Ad esempio, nei Paesi Bassi hanno creato la figura del “partner sessuale” per limitare il numero di contatti. Anche l’Istituto nazionale olandese per la sanità pubblica ha chiesto a quei cittadini che non hanno un partner sessuale stabile di raggiungere un accordo con una persona correlata per mantenere rapporti solo tra loro e fermare così la diffusione del coronavirus.
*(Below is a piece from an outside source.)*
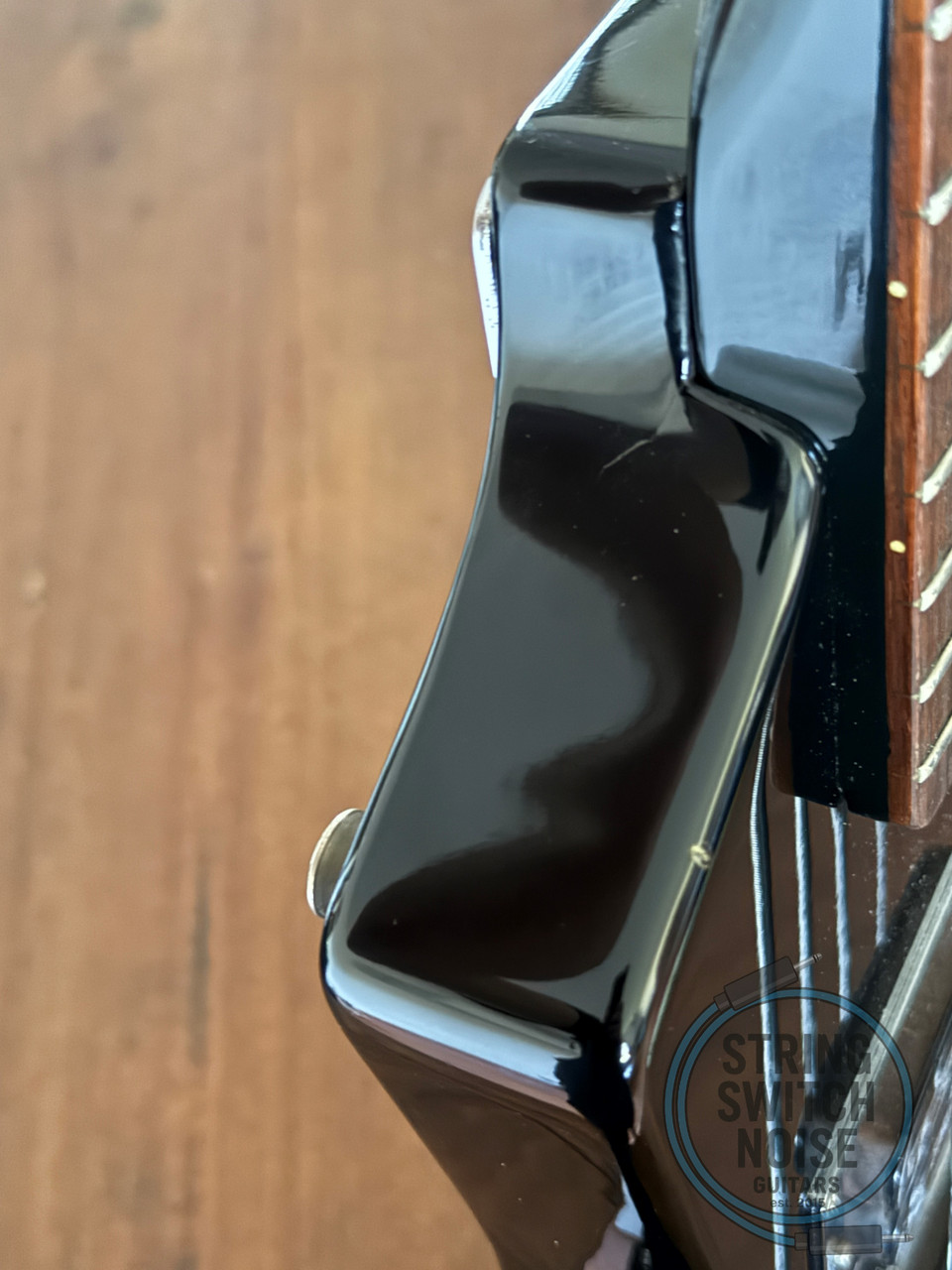 Fernandes, Explorer Bass, Black, MIJ 1986, Model BXB-55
Da parte sua, nel Regno Unito, subito dopo la fase delle chiusure più restrittive in questa seconda ondata, è stata introdotta una concessione simile a quella ora proposta dal governo belga. Il suo nome era “bolla di sostegno” e ha permesso a una persona che viveva da sola di incontrarne un’altra che non viveva sotto lo stesso tetto.

Abbraccio

Con tutte queste misure, sebbene diverse tra loro, ciò che i governi vogliono è non trascurare la salute mentale in questa pandemia, poiché l’isolamento e l’incertezza stanno aggravando questa situazione in tutto il mondo, anche in Spagna, dove la percentuale di persone con disturbi mentali è aumentata dall’8% al 15-20% all’inizio dell’estate, secondo Carlos Losada, il portavoce dell’ANPIR (Associazione Nazionale Psicologi Clinici e Residenti). Pertanto, ora più che mai, è molto importante che ci prendiamo cura anche della nostra salute mentale.